IFIC and PFSL expressed support for the objectives and intent of the Proposed Amendments, while raising operational and financial concerns.

IGM and Desjardins also raised operational and financial concerns, but were of the view that the Proposed Amendments should not proceed. IGM expressed the view that the Proposed Amendments ignore that the specific interaction with clients in a particular case and the documenting of the nature and content of the contact is dependant upon the facts. IGM further stated that the difficulty with the approach taken in the Rule change, with its sweeping scope, is that it does not reflect these considerations. IGM and Desjardins were also of the view that, depending upon the full implications of the proposed changes, there is a high likelihood that these requirements could cause interruptions in the flow of transactions desired by clients and prevent them from occurring in a timely fashion.

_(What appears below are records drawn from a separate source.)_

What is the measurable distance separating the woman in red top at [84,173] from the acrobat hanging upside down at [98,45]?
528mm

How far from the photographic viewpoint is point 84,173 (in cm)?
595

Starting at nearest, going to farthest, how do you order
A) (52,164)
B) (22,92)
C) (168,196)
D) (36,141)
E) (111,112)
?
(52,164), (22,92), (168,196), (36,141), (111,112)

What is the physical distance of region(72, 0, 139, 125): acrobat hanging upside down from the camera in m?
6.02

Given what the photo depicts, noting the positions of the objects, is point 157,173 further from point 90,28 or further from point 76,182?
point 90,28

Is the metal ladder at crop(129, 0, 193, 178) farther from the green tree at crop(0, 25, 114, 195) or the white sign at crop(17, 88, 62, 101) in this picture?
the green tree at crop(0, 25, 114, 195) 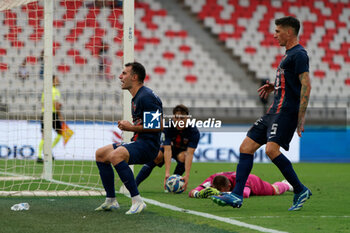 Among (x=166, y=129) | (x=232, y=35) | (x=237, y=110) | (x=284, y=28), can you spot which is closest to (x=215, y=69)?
(x=232, y=35)

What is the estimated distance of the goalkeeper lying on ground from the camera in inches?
332

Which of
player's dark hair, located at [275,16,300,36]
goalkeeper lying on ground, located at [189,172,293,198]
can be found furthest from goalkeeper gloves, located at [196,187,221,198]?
player's dark hair, located at [275,16,300,36]

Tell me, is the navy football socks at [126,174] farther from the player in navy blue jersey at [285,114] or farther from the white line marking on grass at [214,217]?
the player in navy blue jersey at [285,114]

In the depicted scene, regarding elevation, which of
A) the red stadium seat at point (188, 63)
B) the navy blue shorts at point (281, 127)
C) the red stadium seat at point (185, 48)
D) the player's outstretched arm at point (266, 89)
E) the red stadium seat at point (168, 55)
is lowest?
the navy blue shorts at point (281, 127)

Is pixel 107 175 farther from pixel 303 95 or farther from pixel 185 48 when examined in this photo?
pixel 185 48

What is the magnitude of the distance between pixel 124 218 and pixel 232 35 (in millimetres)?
19465

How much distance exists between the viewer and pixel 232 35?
25.2 meters

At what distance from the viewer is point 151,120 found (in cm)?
683

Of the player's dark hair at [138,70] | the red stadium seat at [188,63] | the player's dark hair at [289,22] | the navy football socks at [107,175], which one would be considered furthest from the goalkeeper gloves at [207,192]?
the red stadium seat at [188,63]

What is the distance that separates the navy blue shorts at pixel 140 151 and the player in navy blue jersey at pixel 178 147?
223cm

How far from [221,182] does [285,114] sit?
186 cm

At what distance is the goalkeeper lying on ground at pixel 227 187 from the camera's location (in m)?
8.42

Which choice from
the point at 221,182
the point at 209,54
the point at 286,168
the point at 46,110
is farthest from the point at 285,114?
the point at 209,54

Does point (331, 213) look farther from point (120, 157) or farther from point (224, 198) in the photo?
point (120, 157)
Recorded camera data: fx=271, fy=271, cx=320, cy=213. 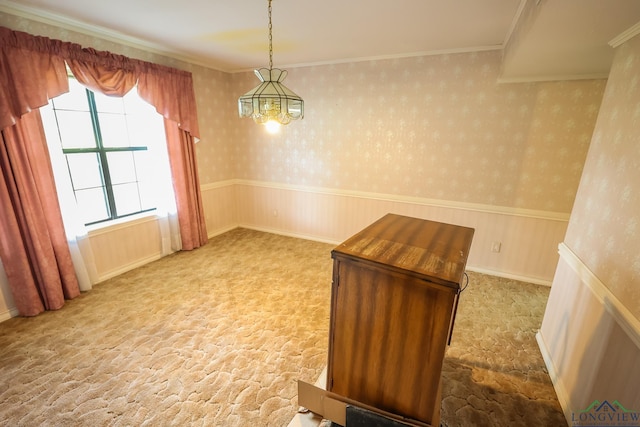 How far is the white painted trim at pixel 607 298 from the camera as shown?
3.92 ft

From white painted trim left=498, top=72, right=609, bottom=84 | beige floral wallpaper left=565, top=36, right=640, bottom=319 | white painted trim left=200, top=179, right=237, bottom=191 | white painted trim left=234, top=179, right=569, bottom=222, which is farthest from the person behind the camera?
white painted trim left=200, top=179, right=237, bottom=191

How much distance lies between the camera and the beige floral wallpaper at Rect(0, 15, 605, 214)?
9.05 ft

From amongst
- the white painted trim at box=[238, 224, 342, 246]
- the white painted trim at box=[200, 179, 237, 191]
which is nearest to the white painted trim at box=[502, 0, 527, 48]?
the white painted trim at box=[238, 224, 342, 246]

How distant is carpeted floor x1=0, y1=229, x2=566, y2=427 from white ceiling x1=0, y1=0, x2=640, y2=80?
2.19 meters

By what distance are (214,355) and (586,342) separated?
2.38m

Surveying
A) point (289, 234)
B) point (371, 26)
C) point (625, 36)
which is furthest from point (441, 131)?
point (289, 234)

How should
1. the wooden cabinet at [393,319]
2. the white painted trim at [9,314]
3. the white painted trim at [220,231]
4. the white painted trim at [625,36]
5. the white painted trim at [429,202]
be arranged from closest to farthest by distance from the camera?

Desjardins expressed the view that the current regulation with respect to fee disclosure is sufficient, noting that an Approved Person who fails to discuss fees with a client is not fulfilling his or her responsibilities to the client and does not comply with existing Rules with respect to general business conduct, Know-Your-Client and Know-Your-Product. Desjardins commented that, with respect to such Approved Persons, the issue is non-compliance rather than deficient regulation and the Proposed Amendments are unlikely to affect it. Desjardins recommended that, rather than proceeding with the Proposed Amendments, the MFDA, in a Member Regulation Notice, provide examples of complaints it received with respect to fee disclosure and clarify what constitutes inappropriate conduct, as well as provide guidance with respect to fee disclosure when the Client Relationship Model amendments become effective. PFSL indicated that more industry consultation is required prior to the implementation of the Proposed Amendments.

PFSL suggested that clients should be counseled to ask for an estimate of potential sales charges at the time they are considering selling their funds and that their representatives are willing to providing such information upon request. Desjardins referenced similar regulations of the United Kingdom Financial Services Authority ("FSA"), and noted that the FSA regulation mandates disclosure only if requested by the client.

MFDA Response

Staff acknowledges comments supporting the Proposed Amendments and notes that there is currently no requirement under MFDA Rules to provide fees and charges disclosure at the time of the transaction. When the issue of disclosure of transaction fees or charges has arisen in the context of client complaints, Members have often stated that there is no regulatory obligation to provide this disclosure under current MFDA Rules. Member Regulation Notice MR-0035 -- Recording and Maintaining Evidence of Client Trade Instructions clarifies requirements under Rule 5.1(b) and recommends, as a best practice, that the record of client instructions include confirmation as to the discussion regarding fees or charges that will or may apply on the transaction.

With respect to comments raising operational and financial concerns, staff notes, generally, that the Proposed Amendments codify existing industry practice and are intended to address the significant number of investor complaints received where investors have advised staff that they were not informed of fees and charges resulting from a particular transaction prior to the acceptance of their order and only became aware of such information when they received their trade confirmation or account statement.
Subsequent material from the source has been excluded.